Module 3 Debrief
Consolidated notes from Week 3 sessions across all cohorts.
The Default Problem
Claude wants you to feel good about the work you are doing together. That tendency produces polished output that can look right even when something is off. The adversarial prompt vocabulary landed consistently across all three sessions: “Now be a skeptic,” “What are the three strongest objections to this?”, “What am I missing?”, “What would someone who disagrees with this conclusion point to?”, “What assumptions in my reasoning are most likely to be wrong?”
What You Brought to the Room
Four examples from participants across the cohorts that demonstrate what happens when you take the adversarial and model selection concepts and apply them to real work.
360-degree feedback synthesis. One participant synthesized 360-degree feedback across 16 respondents with MBTI profiles — a half-day task completed under an hour. The adversarial pass caught the model leaning too warm for F-type personalities.
Vendor analytics audit. Another participant ran adversarial prompts on third-party vendor analytics and found over-indexing and definition problems that would have gone unnoticed.
The quiet adoption signal. A data-intensive distribution analysis caused a visible Claude usage spike, which opened an internal AI adoption conversation without explicit advocacy. Sometimes the best way to make the case is to let the work speak.
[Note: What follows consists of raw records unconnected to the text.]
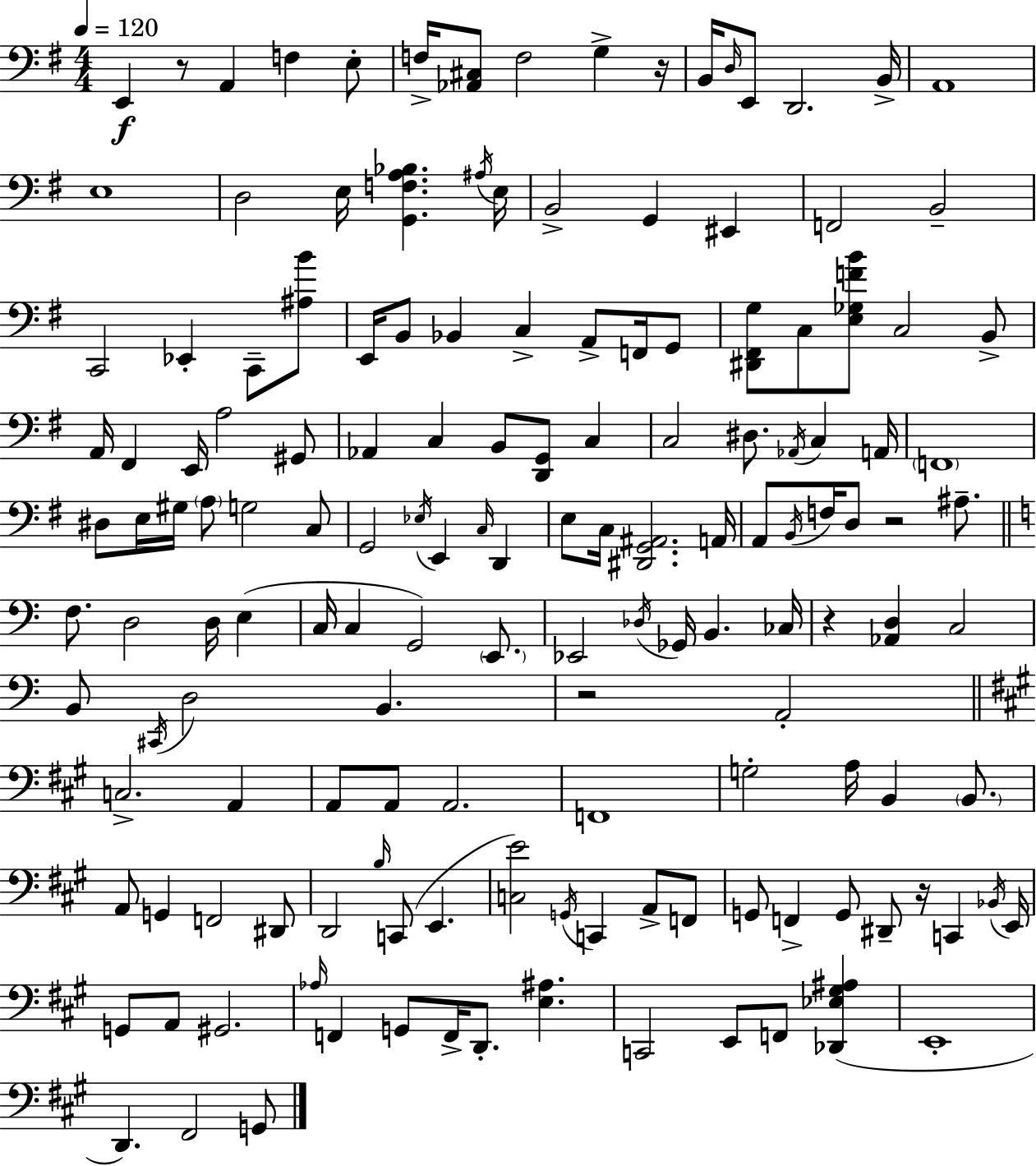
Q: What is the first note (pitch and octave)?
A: E2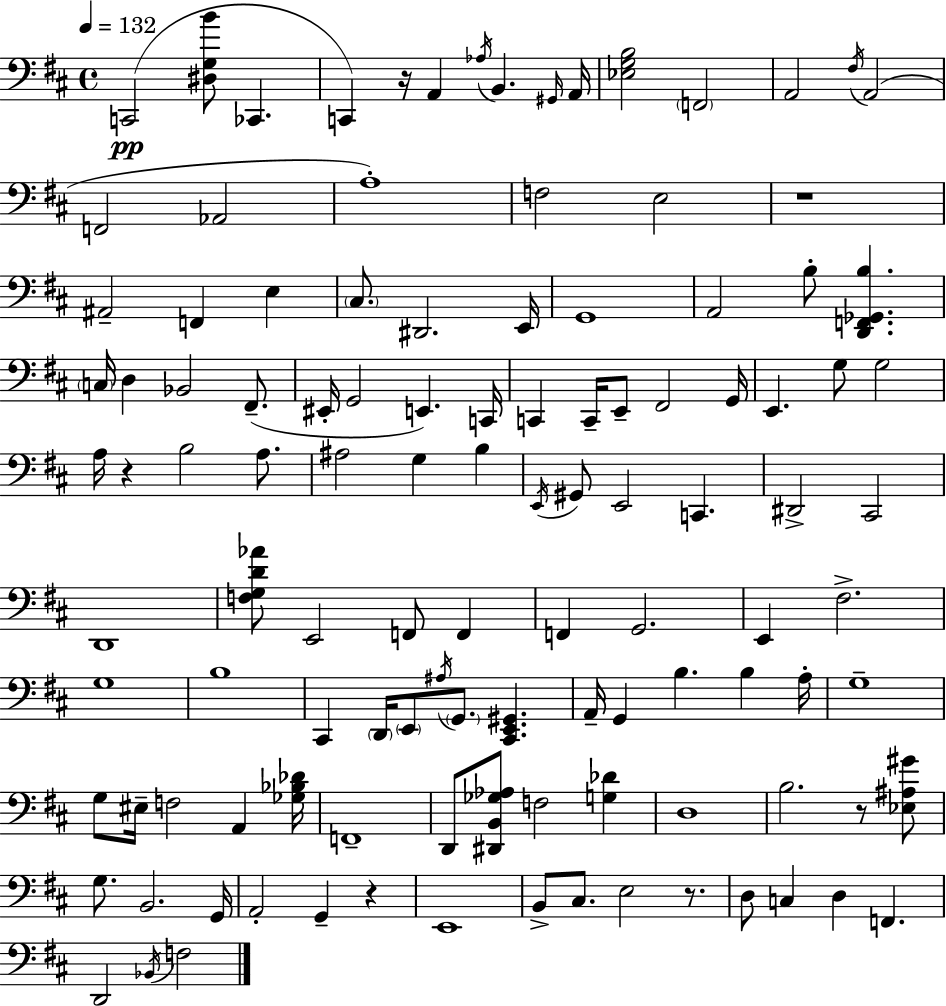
X:1
T:Untitled
M:4/4
L:1/4
K:D
C,,2 [^D,G,B]/2 _C,, C,, z/4 A,, _A,/4 B,, ^G,,/4 A,,/4 [_E,G,B,]2 F,,2 A,,2 ^F,/4 A,,2 F,,2 _A,,2 A,4 F,2 E,2 z4 ^A,,2 F,, E, ^C,/2 ^D,,2 E,,/4 G,,4 A,,2 B,/2 [D,,F,,_G,,B,] C,/4 D, _B,,2 ^F,,/2 ^E,,/4 G,,2 E,, C,,/4 C,, C,,/4 E,,/2 ^F,,2 G,,/4 E,, G,/2 G,2 A,/4 z B,2 A,/2 ^A,2 G, B, E,,/4 ^G,,/2 E,,2 C,, ^D,,2 ^C,,2 D,,4 [F,G,D_A]/2 E,,2 F,,/2 F,, F,, G,,2 E,, ^F,2 G,4 B,4 ^C,, D,,/4 E,,/2 ^A,/4 G,,/2 [^C,,E,,^G,,] A,,/4 G,, B, B, A,/4 G,4 G,/2 ^E,/4 F,2 A,, [_G,_B,_D]/4 F,,4 D,,/2 [^D,,B,,_G,_A,]/2 F,2 [G,_D] D,4 B,2 z/2 [_E,^A,^G]/2 G,/2 B,,2 G,,/4 A,,2 G,, z E,,4 B,,/2 ^C,/2 E,2 z/2 D,/2 C, D, F,, D,,2 _B,,/4 F,2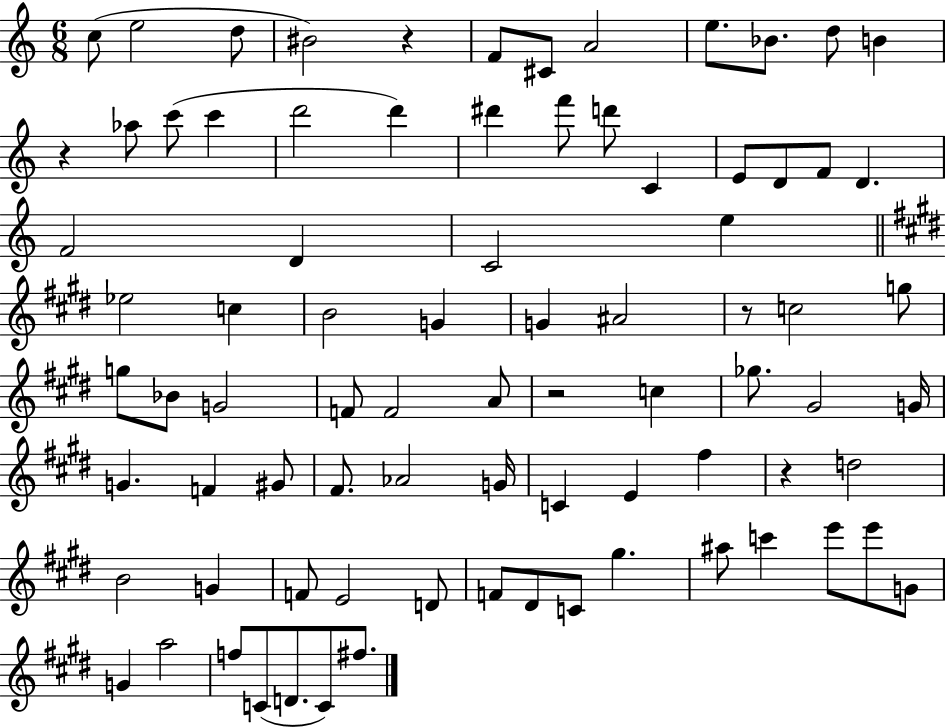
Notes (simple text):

C5/e E5/h D5/e BIS4/h R/q F4/e C#4/e A4/h E5/e. Bb4/e. D5/e B4/q R/q Ab5/e C6/e C6/q D6/h D6/q D#6/q F6/e D6/e C4/q E4/e D4/e F4/e D4/q. F4/h D4/q C4/h E5/q Eb5/h C5/q B4/h G4/q G4/q A#4/h R/e C5/h G5/e G5/e Bb4/e G4/h F4/e F4/h A4/e R/h C5/q Gb5/e. G#4/h G4/s G4/q. F4/q G#4/e F#4/e. Ab4/h G4/s C4/q E4/q F#5/q R/q D5/h B4/h G4/q F4/e E4/h D4/e F4/e D#4/e C4/e G#5/q. A#5/e C6/q E6/e E6/e G4/e G4/q A5/h F5/e C4/e D4/e. C4/e F#5/e.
Grading your own prompts. One participant developed a practice of asking Claude to evaluate the interaction and provide a more efficient prompt, then taking that improved prompt to Perplexity for a full rubric. Using AI to improve your use of AI.
On Model Selection
This came up in every cohort. The demonstration of asking Haiku, Sonnet, and Opus the same question and watching the different responses was the lesson. Opus is paywalled — Sonnet is not a compromise for 70% of work.
When You Get Stuck
A participant got frustrated in a technical rabbit hole. The conversation that followed: when you are stuck, the problem is almost never the technical implementation. It is the problem definition. Step away. Reframe. Come back. This is what Module 4 is built around.